Однако Хрущев Вознесенского понимать не захотел. По его мнению, поэт явно заслуживал выволочки. О том свидетельствовали и сусловская справка о негожем поведении за границей, и слова весьма авторитетной для отца Ванды Львовны. Но, как отметил сам Вознесенский, Хрущев – не Сталин. Последний бы позвонил поэту накануне вечером домой, вкрадчиво поинтересовался бы, чем его Советская страна не устраивает, посетовал бы, что товарищи жаждут его, Вознесенского, крови, а он, Сталин, колеблется. Могу себе представить выступление Вознесенского после такого собеседования.

Отец же, чуждый иезуитства, не штудировавший, как Сталин, Макиавелли, под влиянием минуты решил «по-отцовски» выговорить «несмышленышу» Вознесенскому. Но сорвался, очень уж подействовали на него слова Василевской. Сорвался и вместо поучений устроил скандал.

«Я даже затрудняюсь как-то рассказать, что тут произошло, – недоумевает Ромм. – Вознесенский сразу почувствовал, что дело будет плохо, и поэтому начал робко, как-то неуверенно».

– Как и мой учитель, Владимир Маяковский, я не член Коммунистической партии… – согласно стенограмме, только эти слова и успел произнести Вознесенский, как отец взорвался.

– Почему вы афишируете?… «Я не член партии!» Вызов бросает! Сотрем всех, кто стоит против Коммунистической партии. Бороться, так бороться! У нас есть порох! – выкрикивал он под аплодисменты и шум в зале.

«Трудно даже как-то и вспомнить весь этот крик, потому что я не ожидал этого взрыва, да и никто не ожидал, – так это произошло внезапно. Мне даже показалось, что это как-то несерьезно, что Хрущев сам себя накачивает, взвинчивает», – пишет Ромм.

Отец обрушился не на поэта Вознесенского, он спорил с Вознесенским-политиком.

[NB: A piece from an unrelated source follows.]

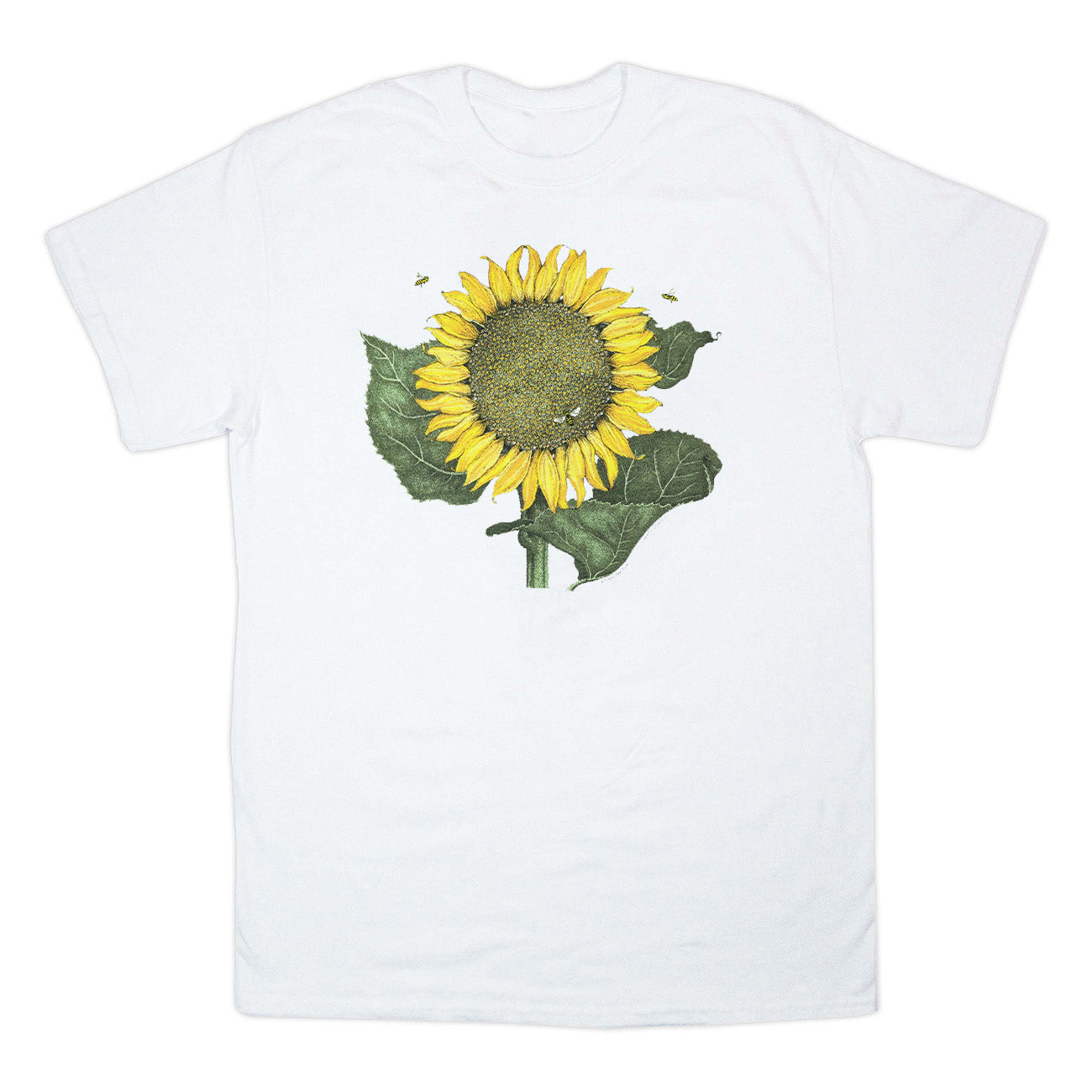 Sunflower & Bees Adult White T-shirt – Liberty Graphics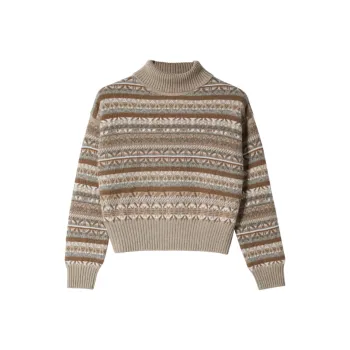 LILIXIUKE Top Knitted Fabric Cashmere Sweater Women's Camel Bottom Full Body Fair Isle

Сердитое лицо, выброшенная вперед рука, сжатый кулак, – все это приемы революционных ораторов домикрофонной эры. Таким его запечатлели в тот момент кино– и фотохроника. Такой образ Хрущева и стал расхожим. Далеко не лучший и абсолютно не соответствующий истинной сущности отца. Я, как и Ромм, не понимаю причин столь бурно-эмоциональной реакции. Вернее, мы не знаем и не узнаем истинных причин. Но явно дело не в словах, произнесенных самим Вознесенским и даже не в выступление Василевской. Кто-то подготовил отца, настроил его, что речь идет не о поэзии и даже не о болтовне фрондирующей молодежи, а о чем-то более значительном. О чем, остается только гадать, как и о том, кто это все подстроил. Хотя последнее нам доподлинно и неведомо, но угадать автора особого труда не представляет.

Вознесенский растерялся, он явно не ожидал ничего подобного, а Хрущев тем временем продолжал наседать на него.

– Вы представляете наш народ или вы позорите наш народ? – вопрошал он из президиума.

– Никита Сергеевич, простите меня, – пытался вставить слово поэт.

– Мы никогда не дадим врагам воли, никогда! – перебил его отец и, немного остывая, добавил: – Ишь, какой – «Я не член партии!» Он нам хочет какую-то партию беспартийных создать. Нет, здесь либерализму места нет, господин Вознесенский.

То, что его назвали «господином», Вознесенского окончательно перепугало, вдруг его действительно вышлют за границу, и он пролепетал: «Я здесь хочу жить!»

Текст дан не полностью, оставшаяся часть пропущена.